Prompt:
Filter the records for "Foto" and keep each line that has it.

(Data records)

####################

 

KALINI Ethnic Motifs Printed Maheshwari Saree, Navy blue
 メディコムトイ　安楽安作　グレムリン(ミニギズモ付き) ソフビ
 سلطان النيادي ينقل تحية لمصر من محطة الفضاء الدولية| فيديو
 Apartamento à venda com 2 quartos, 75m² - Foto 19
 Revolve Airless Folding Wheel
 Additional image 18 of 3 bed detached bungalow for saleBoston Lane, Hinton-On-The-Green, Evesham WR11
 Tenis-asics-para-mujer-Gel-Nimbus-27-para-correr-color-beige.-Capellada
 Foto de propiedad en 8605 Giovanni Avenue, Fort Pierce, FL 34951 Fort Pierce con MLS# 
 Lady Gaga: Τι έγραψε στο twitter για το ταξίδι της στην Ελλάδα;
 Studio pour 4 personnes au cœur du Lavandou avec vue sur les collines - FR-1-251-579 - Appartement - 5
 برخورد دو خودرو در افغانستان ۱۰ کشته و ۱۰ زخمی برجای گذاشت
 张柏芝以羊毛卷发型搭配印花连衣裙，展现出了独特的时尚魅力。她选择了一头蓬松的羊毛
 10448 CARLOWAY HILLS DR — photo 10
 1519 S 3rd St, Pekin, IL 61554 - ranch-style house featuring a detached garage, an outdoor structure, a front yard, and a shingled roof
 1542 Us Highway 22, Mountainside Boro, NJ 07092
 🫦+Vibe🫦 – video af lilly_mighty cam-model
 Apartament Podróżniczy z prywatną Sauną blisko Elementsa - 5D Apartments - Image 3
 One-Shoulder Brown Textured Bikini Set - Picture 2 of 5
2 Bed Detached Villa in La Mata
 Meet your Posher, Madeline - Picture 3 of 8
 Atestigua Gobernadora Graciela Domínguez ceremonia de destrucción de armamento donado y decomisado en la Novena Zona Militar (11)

####################

Result for this task:
 Apartamento à venda com 2 quartos, 75m² - Foto 19
 Foto de propiedad en 8605 Giovanni Avenue, Fort Pierce, FL 34951 Fort Pierce con MLS# 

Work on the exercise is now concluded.